### The input
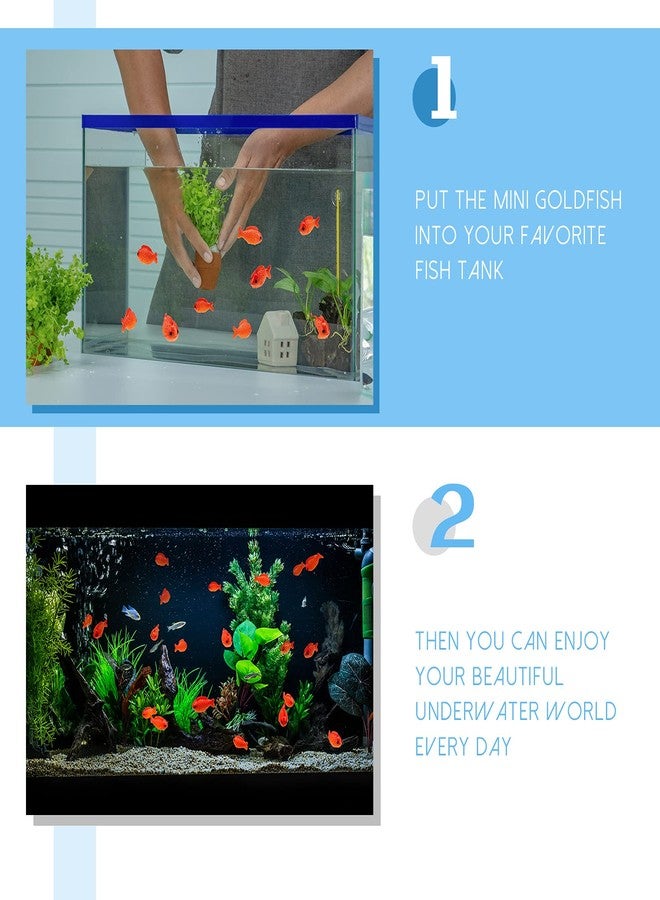 Yookeer مجموعة يوكير من 36 قطعة من تماثيل أسماك ذهبية حمراء صغيرة مصنوعة من الراتنج، مثالية لتزيين أحواض السمك، وإكسسوارات تزيينية مصغرة للمنزل، والأعمال اليدوية، والحدائق، والهدايا. - Image 5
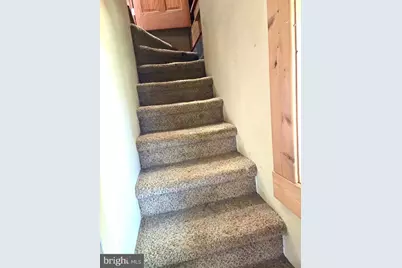 219 Fox Squirrel Lane, Cabins, WV 26855 - Photo 15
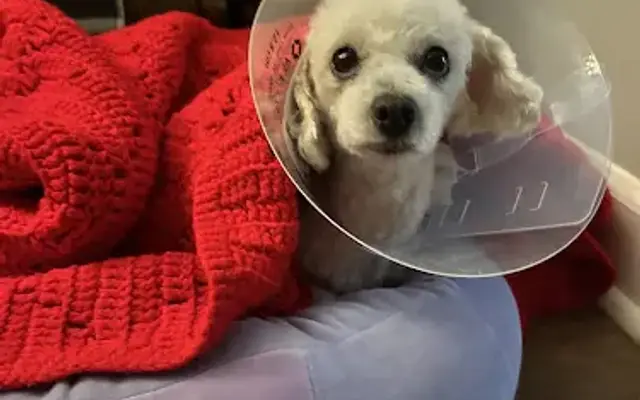 Patrick’s Pet Salon in Highland Park, IL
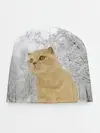 Детская шапка / Кот и снег
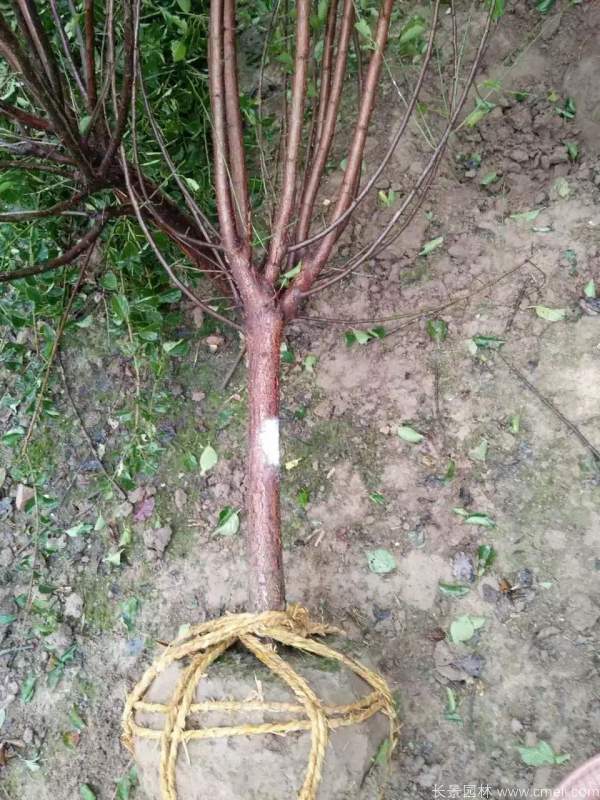 紅梅樹紅梅花圖片基地實拍 紅梅樹紅梅花圖片基地實拍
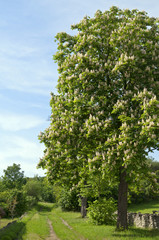 Flowering horse chestnut tree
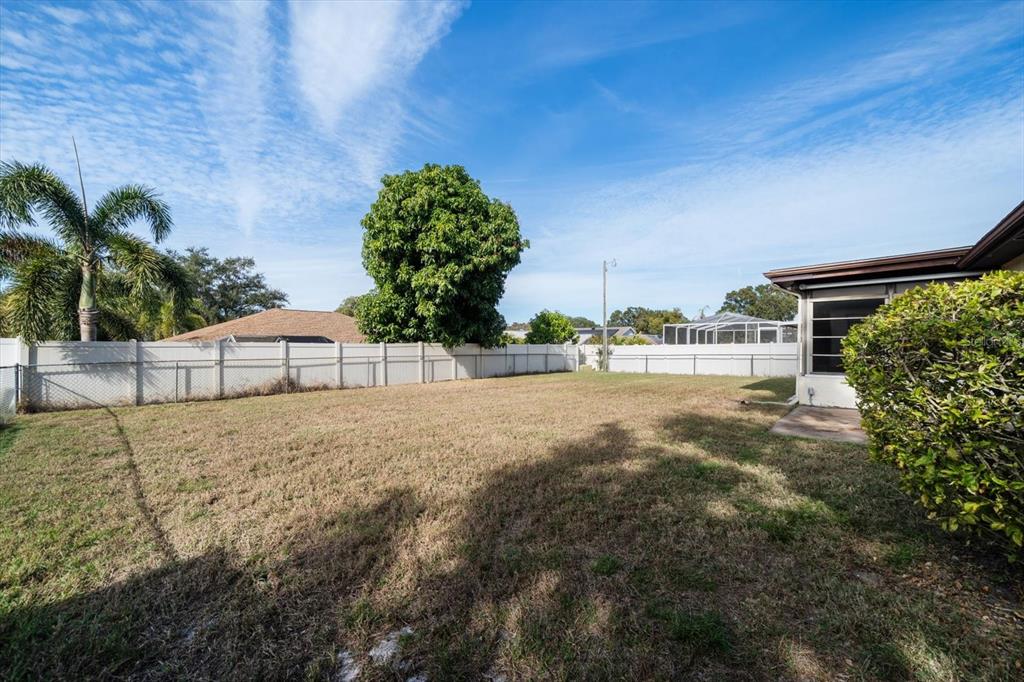 2545 Colony Drive Dunedin, FL 34698 - Photo 29 of 33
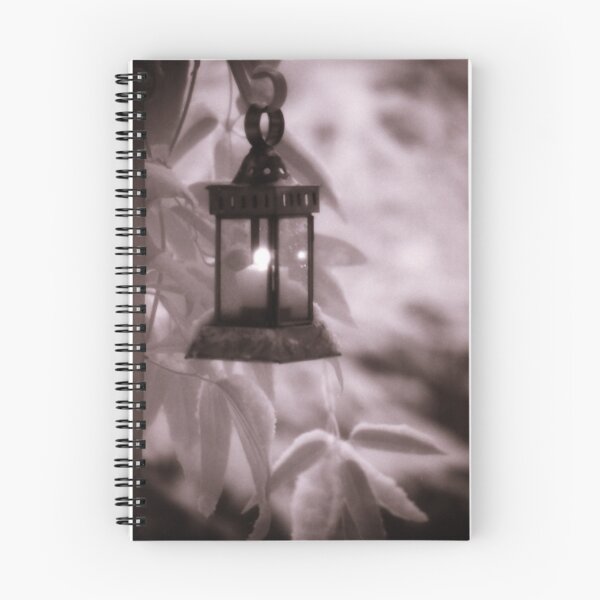 Item preview, Lantern in Snow designed and sold by Robin Nellist.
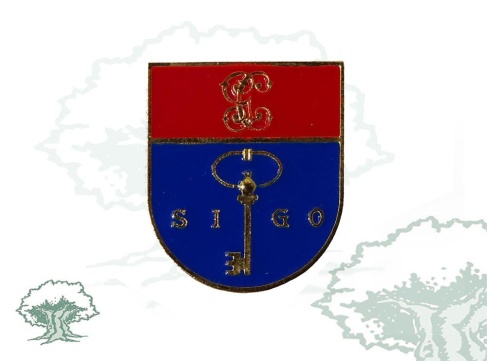 Distintivo de título Curso Administrador SIGO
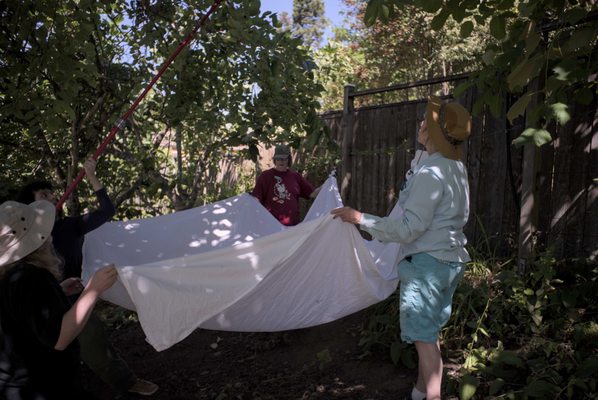 Portland Fruit Tree Project by null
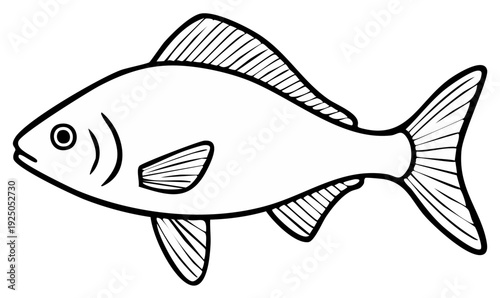 Simple outline drawing of a fish swimming marine animal for coloring and education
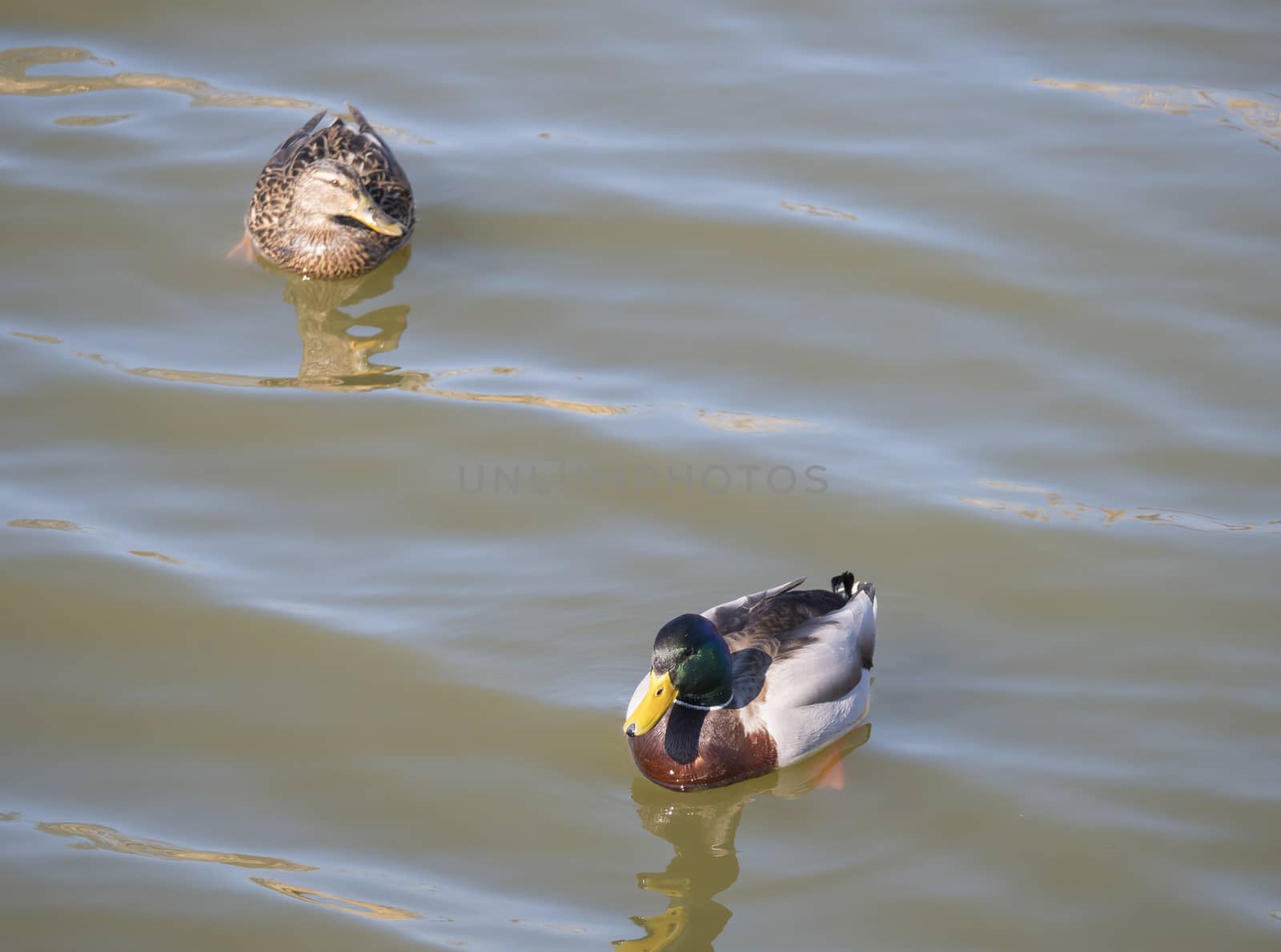 Close up mallard couple, Anas platyrhynchos, male and female duck bird swimming on lake water suface in sunlight. Selective focus.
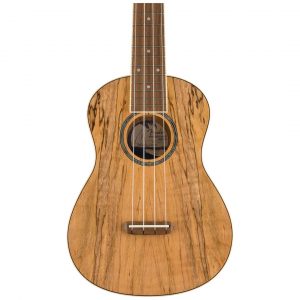 Zuma Exotic Concert Ukulele, Walnut Fingerboard, Spalted Maple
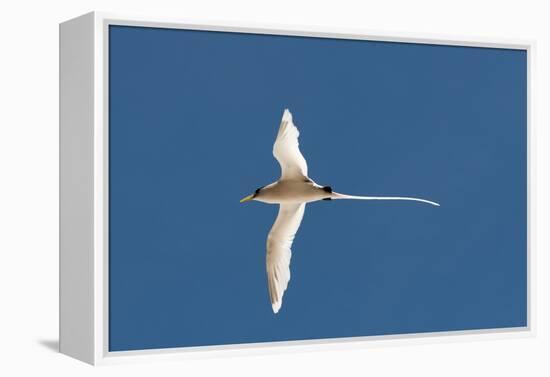 White-Tailed Tropicbird (Phaethon Lepturus), Fregate Island, Seychelles, Indian Ocean, Africa-Sergio Pitamitz-Framed Premier Image Canvas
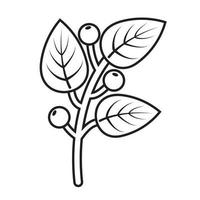 elementos de doodle de plantas de outono. elementos de contorno da planta no outono. gráficos vetoriais vetor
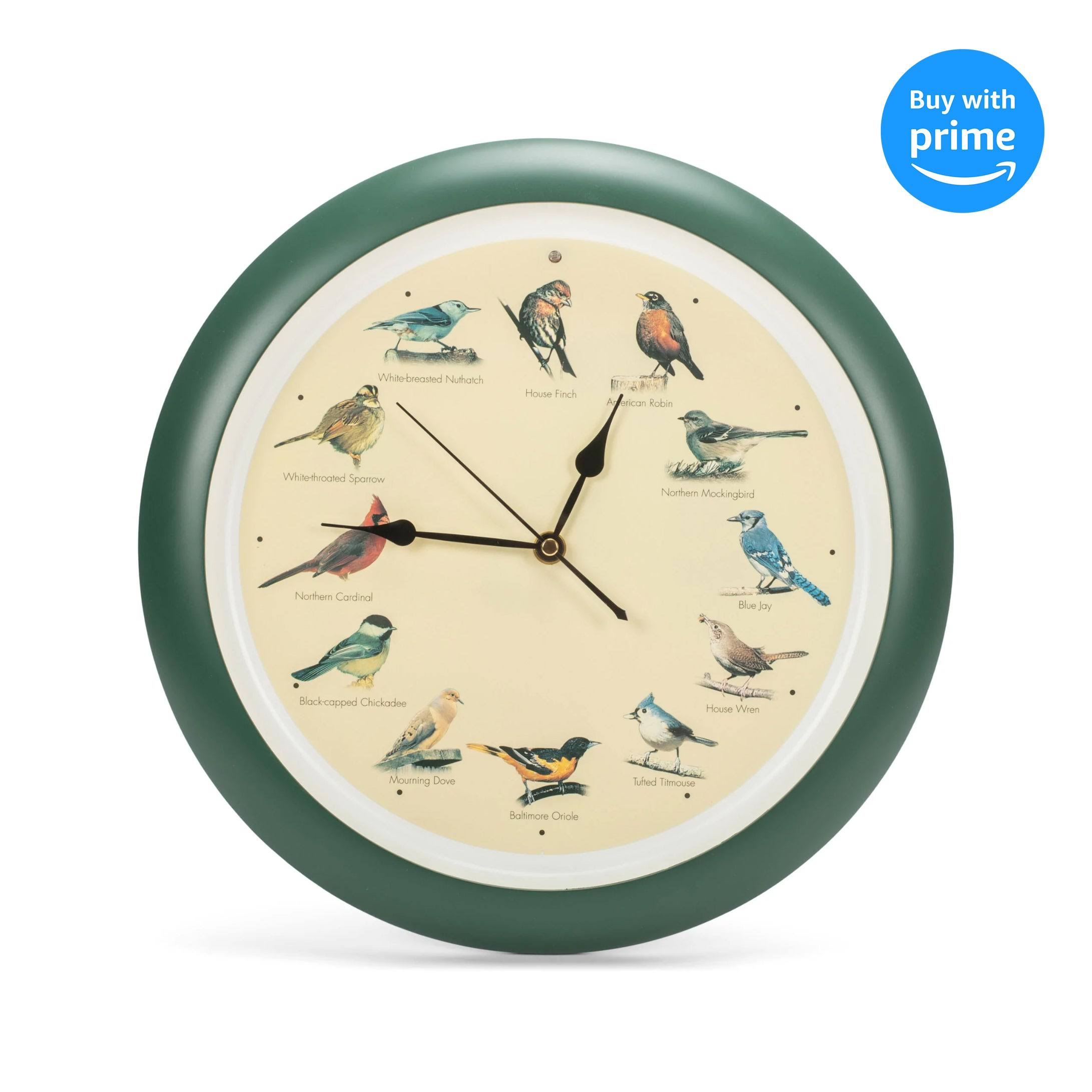 Mark Feldstein and Associates Original Singing Bird Wall Clock, 13 inch, Green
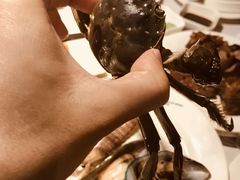 -星伦多 自助料理(圆融店)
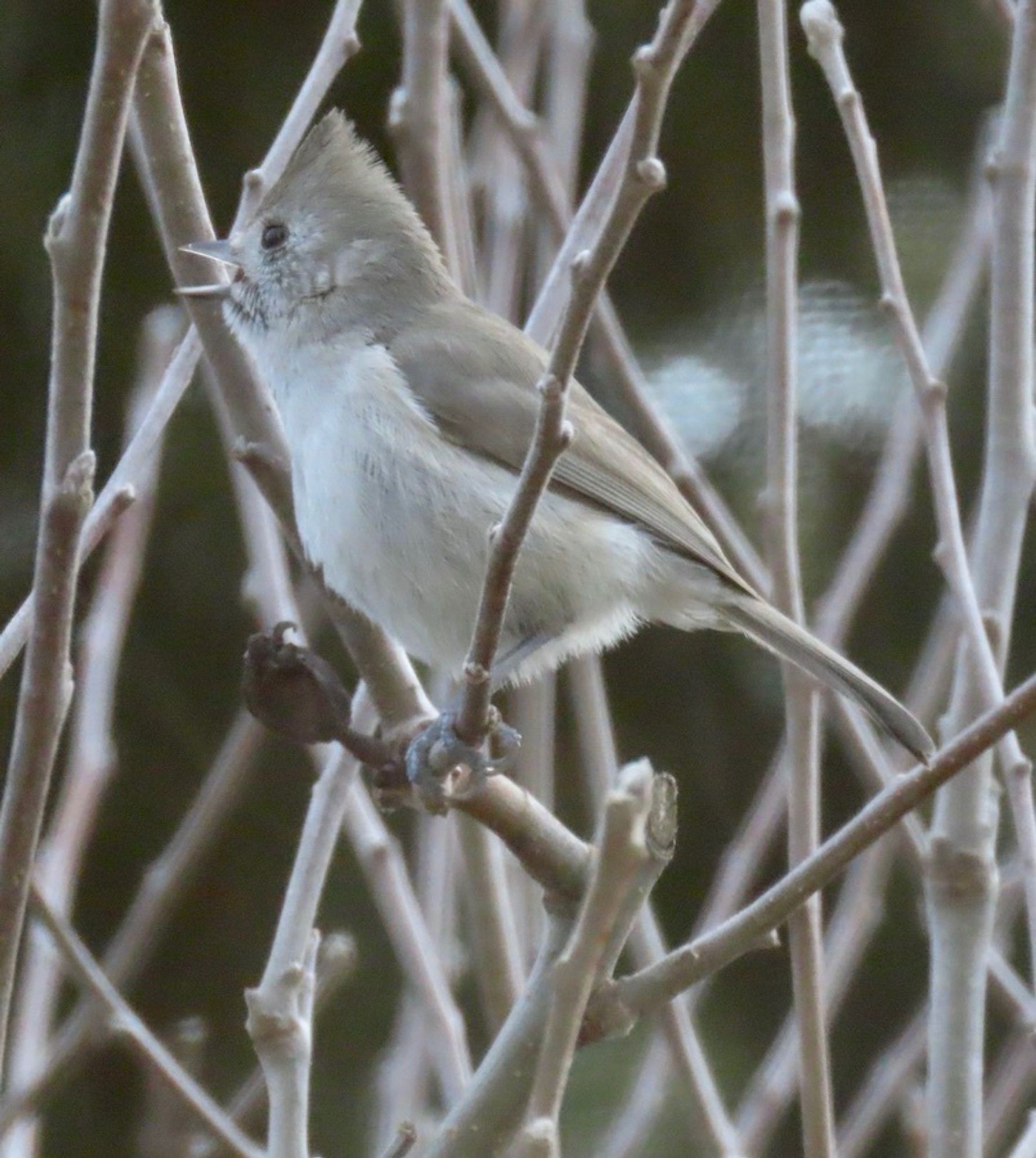 Close-up of small gray bird with pointed head crest, calling while perched on and among leafless branches.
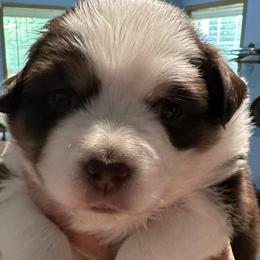 Miniature American Shepherd Puppies from Bond’s MAS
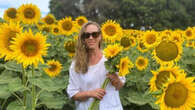 West Aussies invited to enjoy families first sunflower field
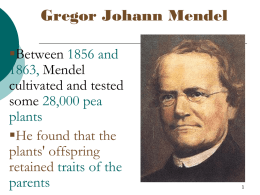 Gregor Johann Mendel Between 1856 and 1863, Mendel cultivated and tested some 28,000 pea plants He found that the plants' offspring retained traits of the parents.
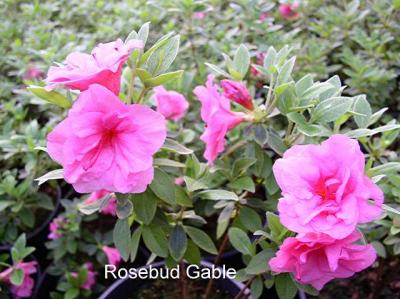'Rosebud'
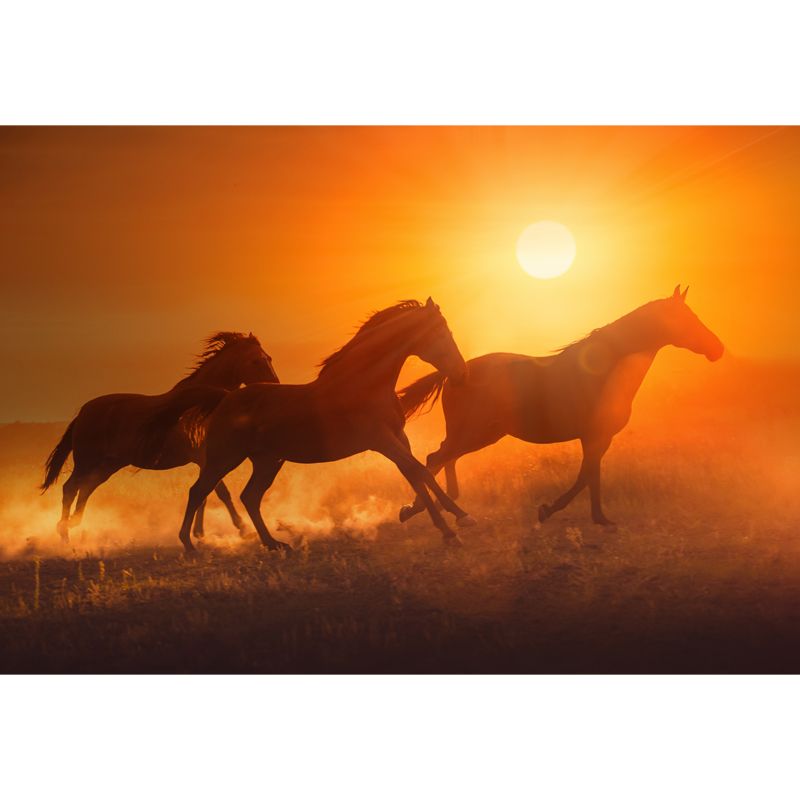 Running Horse and Sunset Mural Decal for Boys Bedroom Animals Wall Decor, Custom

### Assignment
Using the material above, reproduce only the lines that run from the line with "elementos de doodle" up to and including the line with "-星伦多 自助料理(圆融店)", exactly, with the pictures dropped.

### Solved problem
 elementos de doodle de plantas de outono. elementos de contorno da planta no outono. gráficos vetoriais vetor
 Mark Feldstein and Associates Original Singing Bird Wall Clock, 13 inch, Green
 -星伦多 自助料理(圆融店)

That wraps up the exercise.